Cantab Journalists IV: Martin Dickson
Each week, Varsity speaks to Cambridge alumni who have pursued successful careers in journalism. Last in the series is Deputy Editor of The Financial Times Martin Dickson

Did you always have financial journalism in mind as a career?
By the time I went up to Cambridge I knew I wanted to be a journalist: being paid to travel around the world and write about interesting people and places seemed a very attractive way of life. So I threw myself into student journalism and ended up editing Varsity and also co-editing Granta, which in those days was a glossy student magazine. My interest in financial journalism came a lot later, after I joined the FT. Finance is pretty central to what the paper does, and it tends to suck you in.
You studied history and economics at Cambridge and London respectively. What made you decide that economics was something you wanted to specialise in?
History was, and still is, my first love. It is a fantastic preparation for journalism, teaching you to compress complex issues into concise, clear prose. My interest in economics came later, when I was working at Reuters and then at The Financial Times. I felt that economics had become so central to political debate that I needed to understand the subject, so I took an external degree at London, studying in the evenings and at weekends. My wife (whom I met on Varsity) still bears the scars!
What keeps you at the FT?
I am still passionate about journalism: for all its many flaws, a free press is a vital part of democracy, holding the powerful to account.
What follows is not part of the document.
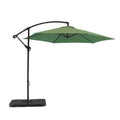 9.5' Green Polyester Hexagonal Cantilever Patio Umbrella with Stand on a white background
And I don’t know of anywhere more satisfying to practice it than the FT, which has resolutely remained a quality paper while others have moved down market, and has grown from being a UK financial paper into a global news organisation, read by the world’s movers and shakers for its coverage of politics and economics as much as finance. Nowadays two thirds of our readers are outside the UK.
Do you feel the current recession has had an impact on how financial matters are reported?
The banking crisis has certainly changed financial reporting. It has destroyed a lot of basic assumptions about the supposedly self-correcting nature of markets, and reporters and commentators are now, rightly, a lot more sceptical about the financial system and those who operate in it.
What advice would you give to someone considering a career in your field?
Think very carefully before jumping in – and make sure your media skills are as flexible and as versatile as possible: the industry is in the throes of a digital revolution, undermining long established business models, and no-one can be sure where it will lead. Traditional print and broadcast journalism is still an extremely popular career choice, but the competition is ever more intense as the industry struggles with the Internet, and the philosophy that online information should be free. Much of the newspaper industry is financially troubled and shrinking.
More positively, I believe there will always be a need for skilled journalists who can make sense of a confusing world. At the FT we are lucky enough to have an online subscription business model that is working well, since our Internet readers are willing to pay for the rather specialised information we provide. And the iPad and other new tablets make digital reading such a pleasant experience that they might just be the breakthrough that transforms the industry’s outlook for the better again. Let’s hope so!